▸ **Problem statement**
Could you return each line from the one bearing "Fern - Fabric Chair, gray, view 8" through the last line of the entries, exactly as it stands, with no pictures?

▸ **Task data**
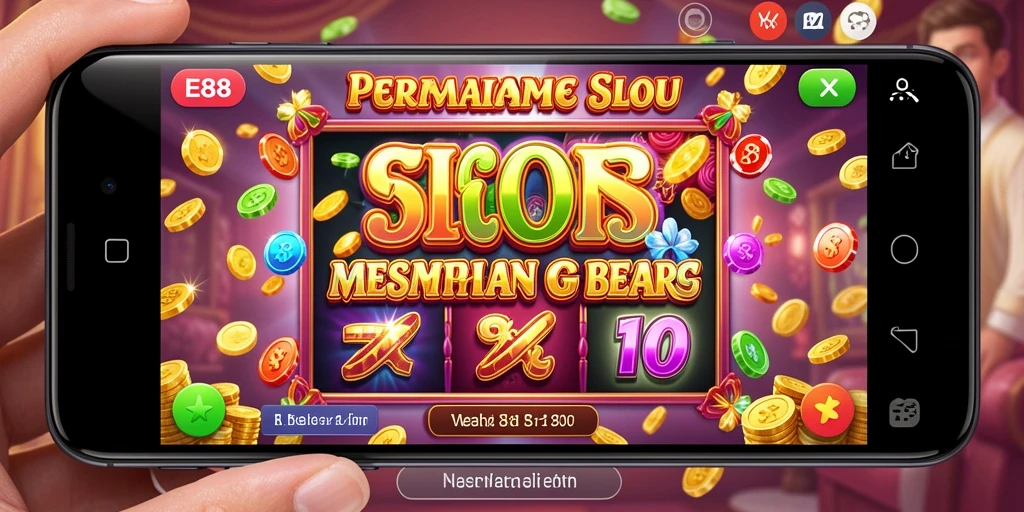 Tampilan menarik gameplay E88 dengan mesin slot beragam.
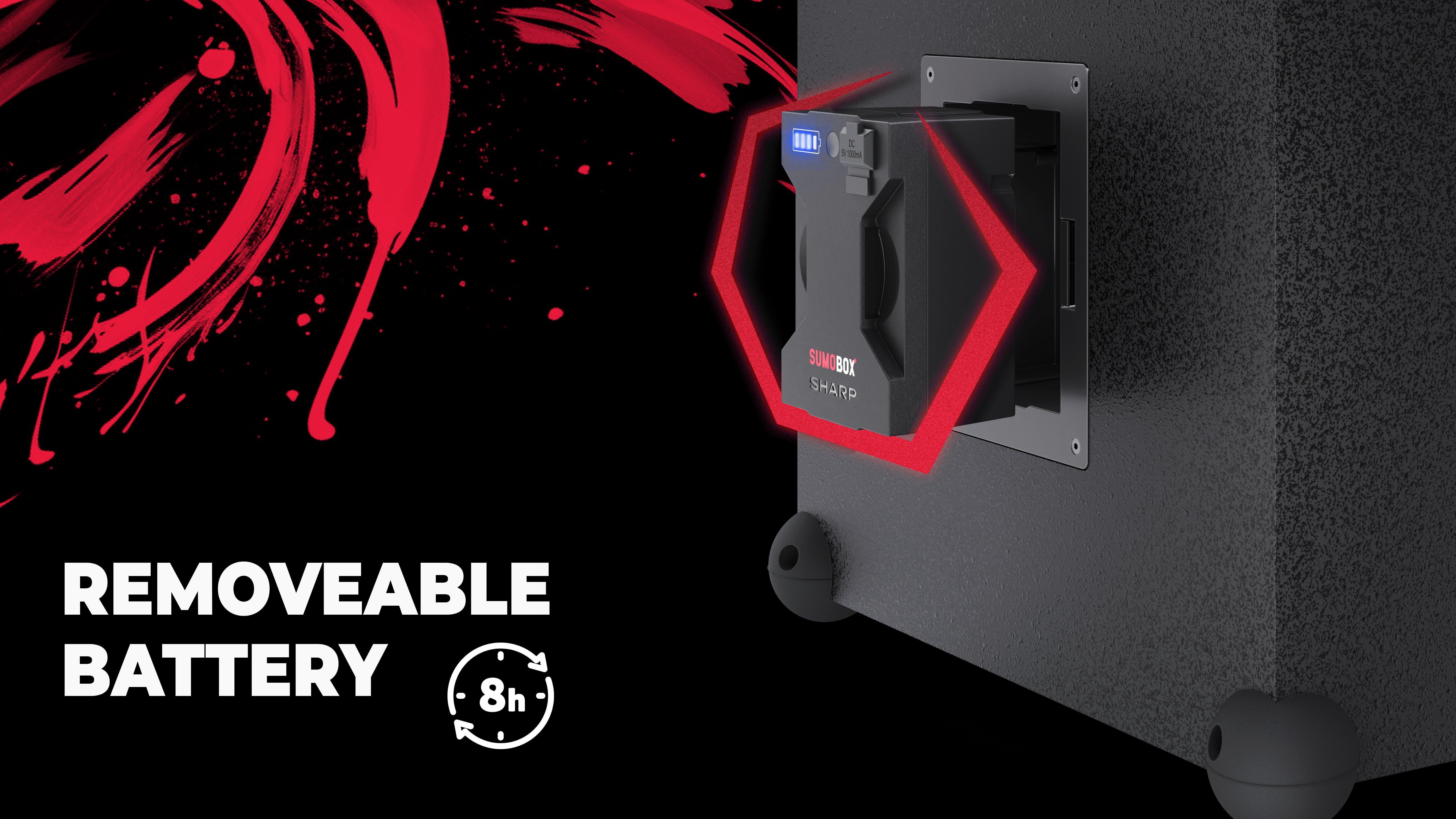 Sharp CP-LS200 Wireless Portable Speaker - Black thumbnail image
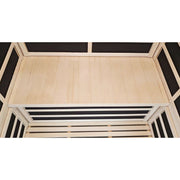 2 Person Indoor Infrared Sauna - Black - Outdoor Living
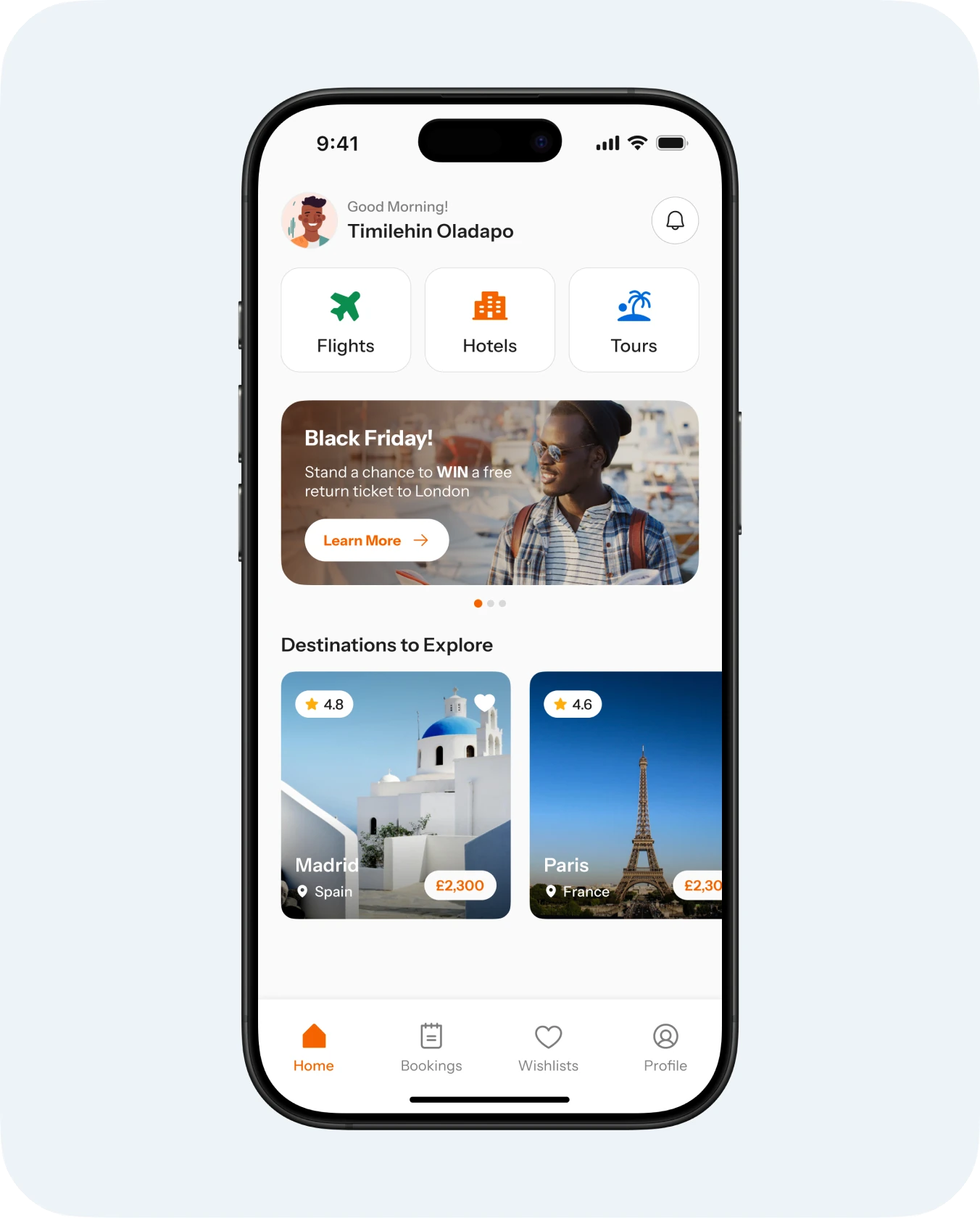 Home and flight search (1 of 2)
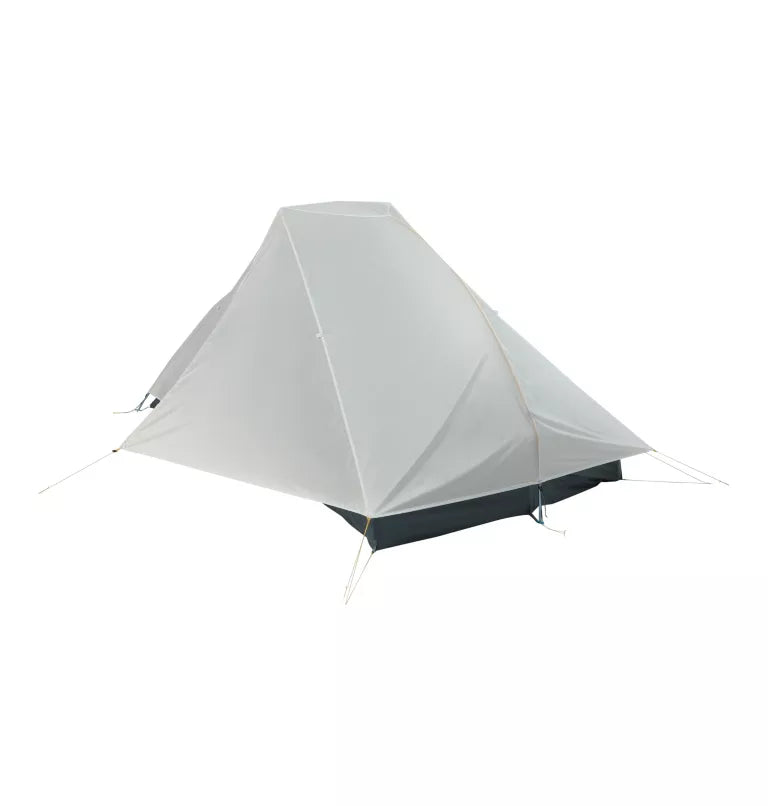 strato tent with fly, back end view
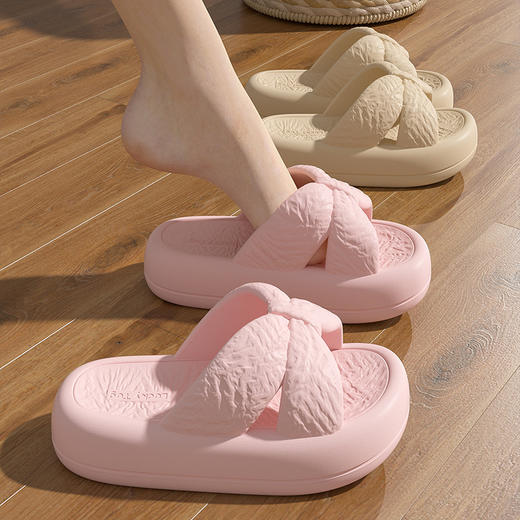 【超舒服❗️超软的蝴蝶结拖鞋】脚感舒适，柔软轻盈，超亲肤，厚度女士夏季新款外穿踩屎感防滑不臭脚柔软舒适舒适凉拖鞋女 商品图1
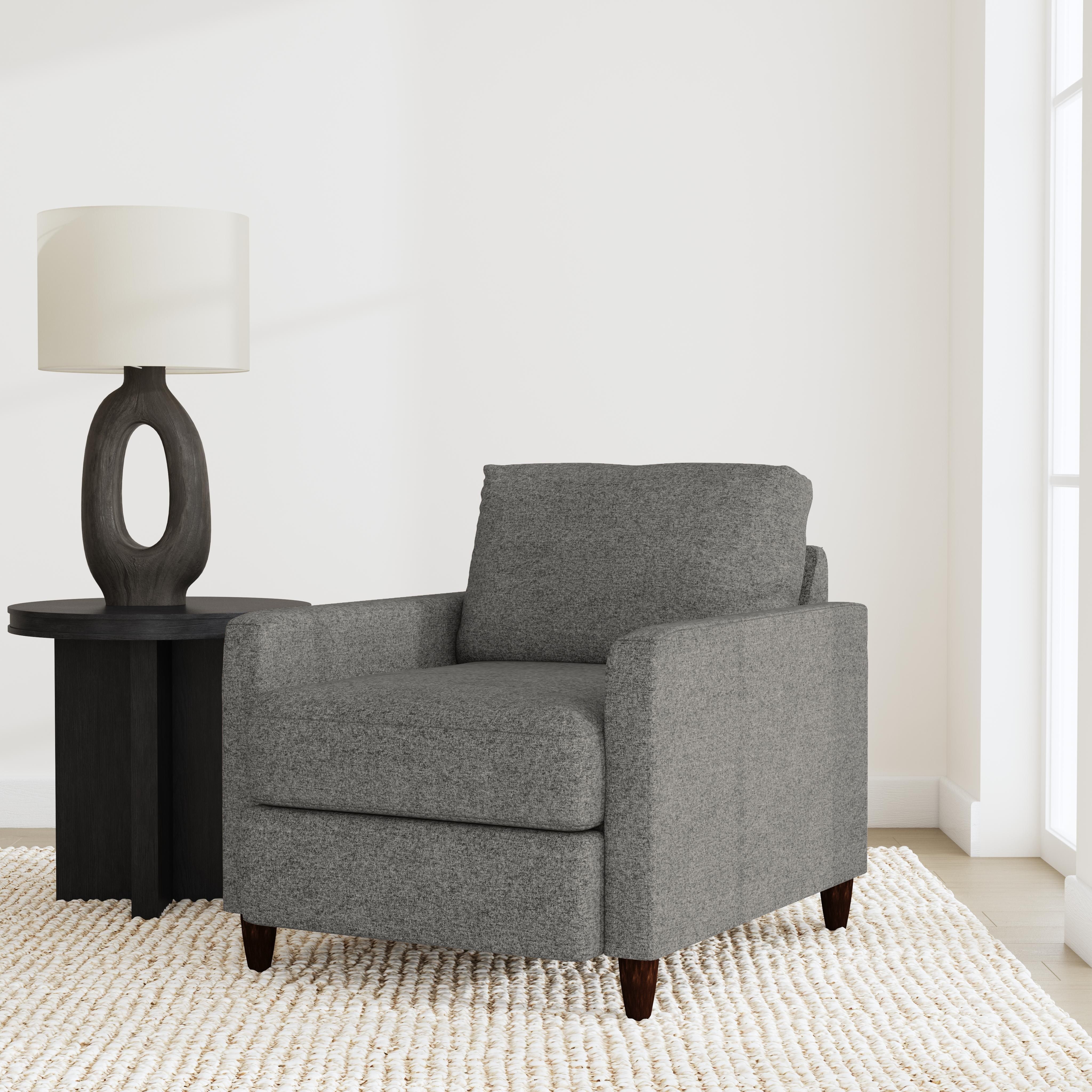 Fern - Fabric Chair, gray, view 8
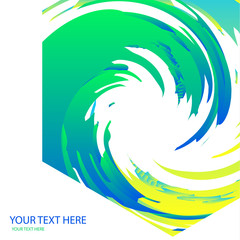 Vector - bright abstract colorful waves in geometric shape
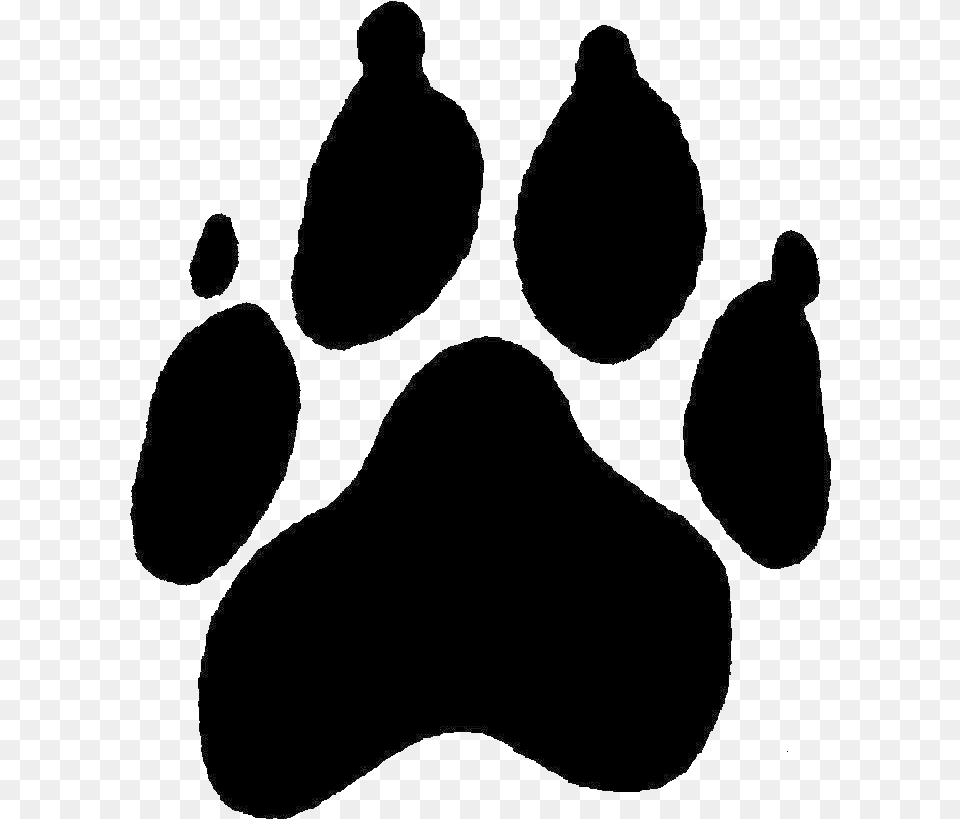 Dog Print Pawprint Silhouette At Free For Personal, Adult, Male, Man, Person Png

▸ **Exercise answer**
 Fern - Fabric Chair, gray, view 8
 Vector - bright abstract colorful waves in geometric shape
 Dog Print Pawprint Silhouette At Free For Personal, Adult, Male, Man, Person Png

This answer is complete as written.